By Patricia Mazzei and Mary Ellen Klas

Florida state Sen. Frank Artiles resigned from the Florida Legislature on Friday, consumed by a scandal that erupted three days earlier over a diatribe of insults the Miami Republican unleashed against two lawmakers at a Tallahassee bar.

In a letter to Senate President Joe Negron, Artiles said he was stepping down for the sake of his family and of the institution of the Senate, whose work ground to a near halt this week as Republican leaders grappled with Artiles' political future.

"My actions and my presence in government is now a distraction to my colleagues, the legislative process, and the citizens of our great State," Artiles wrote. "I am responsible and I am accountable and effective immediately, I am resigning from the Florida State Senate.

"It's clear there are consequences to every action, and in this area, I will need time for personal reflection and growth."

Negron forced Artiles to apologize on the Senate floor Wednesday for his alcohol-fueled racist and sexist Monday night tirade against Sen. Audrey Gibson, D-Jacksonville. But black lawmakers outraged at Artiles for calling Gibson a "bitch" and a "girl" _ and for referring to some Republicans as "niggas" _ said saying sorry was not enough: They formally sought his expulsion from the Senate.

Negron, R-Stuart, whom Artiles had derided in his rant as a "pussy," ordered an investigation. On Friday, he commended Artiles, saying "he made the right decision."

"As Senator Artiles has noted, he holds himself responsible and accountable for his actions and comments," Negron said in a statement.

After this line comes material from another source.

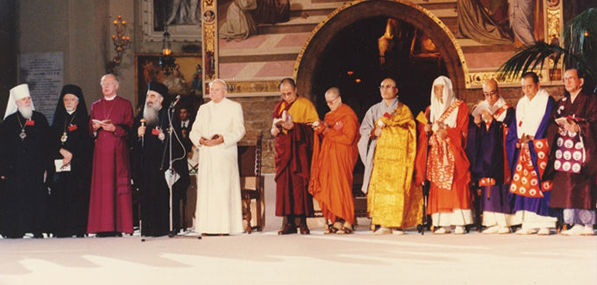 Asy 1986. Jan Pawe II szerzy apostazj.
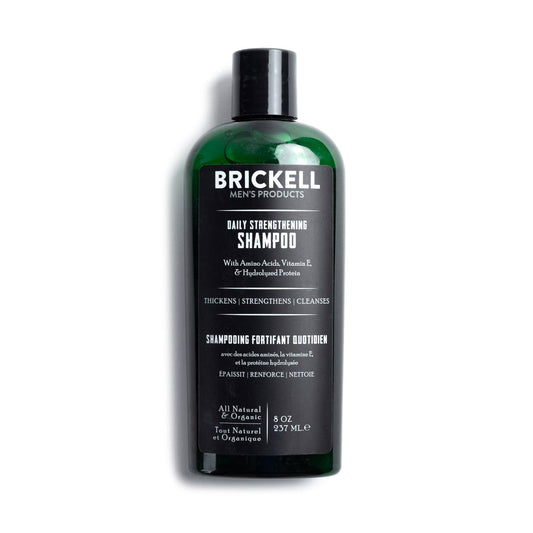 Brickell Daily Strengthing Shampoo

"Despite the events of the last week, Senator Artiles has a long and proud record of public service. We all owe him a debt of gratitude for serving our country in the United State Marine Corps, where he fought for our freedom in the Global War on Terror. Additionally, his years of service in the Florida House and Senate demonstrate a commitment to helping others that will not end with his departure from the Senate. My Senate colleagues and I wish Senator Artiles and his family well."

Negron noted that as a result of the resignation, Sen. Perry Thurston, D-Fort Lauderdale, who filed the complaint accusing Artiles of violating the rules of Senate conduct, had withdrawn his charges.

"Accordingly, I have directed the Special Master to close her investigation," Negron wrote. "No further action by the Senate will be taken in regard to this matter."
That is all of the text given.